Yağlar: Diyetin toplam enerjisinin %25-30’u yağlardan, bunun çoğunluğu da doymamış yağlardan sağlanmalıdır. Diyetteki çoklu doymamış yağ asitlerinin artması insülin direncini azaltarak, kontrolsüz insülin salınımını azaltmaktadır. Bu da androjen salınımında azalma sağlamaktadır. Özellikle çoklu doymamış yağ asitlerinden zengin omega 3 ek alımı, PCOS’lu hastalarda komplikasyonları azaltmada ve komplikasyonların iyileştirilmelerinde etkilidir. Enerjinin doymuş yağlardan gelen oranı ise %10’un altında tutulmalı, infertilite riskini arttırdığından trans yağ alımından kaçınılmalıdır.
Posa (Lif): Yüksek lif içeriğine sahip diyetler, metabolik hastalıkların oluşmasında koruyucu bir rol oynamaktadır. Diyette posa kaynağı olan sebze, meyve ve tam tahıllı besinlere daha fazla yer verilmelidir.

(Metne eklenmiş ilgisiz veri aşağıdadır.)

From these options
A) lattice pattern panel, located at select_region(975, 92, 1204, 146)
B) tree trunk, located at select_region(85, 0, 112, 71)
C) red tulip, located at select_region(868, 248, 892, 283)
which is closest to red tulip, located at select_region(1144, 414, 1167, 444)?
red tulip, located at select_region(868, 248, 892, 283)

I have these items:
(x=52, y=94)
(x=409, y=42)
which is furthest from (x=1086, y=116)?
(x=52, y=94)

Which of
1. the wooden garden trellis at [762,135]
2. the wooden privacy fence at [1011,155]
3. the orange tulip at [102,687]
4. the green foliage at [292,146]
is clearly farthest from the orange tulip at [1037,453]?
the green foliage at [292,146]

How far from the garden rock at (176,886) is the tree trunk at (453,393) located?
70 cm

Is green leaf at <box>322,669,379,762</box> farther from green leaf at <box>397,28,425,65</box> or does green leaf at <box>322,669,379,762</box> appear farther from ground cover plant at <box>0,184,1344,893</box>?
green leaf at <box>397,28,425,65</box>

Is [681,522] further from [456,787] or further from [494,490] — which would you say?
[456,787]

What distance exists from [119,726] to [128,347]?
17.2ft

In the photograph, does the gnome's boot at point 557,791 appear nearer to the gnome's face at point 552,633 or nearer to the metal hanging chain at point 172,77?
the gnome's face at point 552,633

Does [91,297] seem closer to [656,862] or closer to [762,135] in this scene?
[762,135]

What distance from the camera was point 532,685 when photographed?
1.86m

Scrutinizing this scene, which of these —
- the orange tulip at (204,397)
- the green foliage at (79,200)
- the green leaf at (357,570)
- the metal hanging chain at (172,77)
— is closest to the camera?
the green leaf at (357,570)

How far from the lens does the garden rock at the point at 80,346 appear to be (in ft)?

Tıbbi beslenme tedavisi yaklaşımı olarak; düşük kalorili, şeker ve rafine karbonhidrat alımı sınırlandırılmış, düşük glisemik indeksli besinlerden oluşan, doymuş yağ ve trans yağ içeriği azaltılmış, D vitamini, krom ve omega 3 yağ asitlerinden zengin bir beslenme modeli önerilmektedir. Beslenme tedavisinin yanında egzersiz de PCOS’ta önemlidir. PCOS’lu kadınlarda günlük 30 dakika orta şiddette yapılan düzenli egzersiz de vücut ağırlığının korunmasında ve kontrolünde önemlidir.
PCOS’ta tıbbi beslenme tedavisi ile ağırlık kaybı, kan glukozunun dengelenmesi, insülin direncinin düşürülmesi ve androjen düzeylerinin ayarlanması hedeflenmelidir. Beslenme tedavisi, egzersiz yapma alışkanlığı ve davranış değişikliği tedavilerinin birlikte olduğu yaşam kalitesi ve yaşam şekli değişikliği tedavide uygulanacak ilk adımdır. Beslenme tedavisi yanında egzersiz ve yaşam tarzı değişiklikleriyle polikistik over komplikasyonlarının görülmesi azaltılabilir. PCOS’un obezite, menstrual siklus bozukluğu, hiperkolesterolemi, hirşutizm, cilt ve iştah sorunları, artmış kan glukoz düzeyi ve hormon dengesizliği gibi tipik semptomlarının beslenme tedavisi ile düzeldiği belirtilmiştir. Bu yüzden PCOS tedavisininde hastalığın semptomlarına göre düzenlenmesi önemlidir.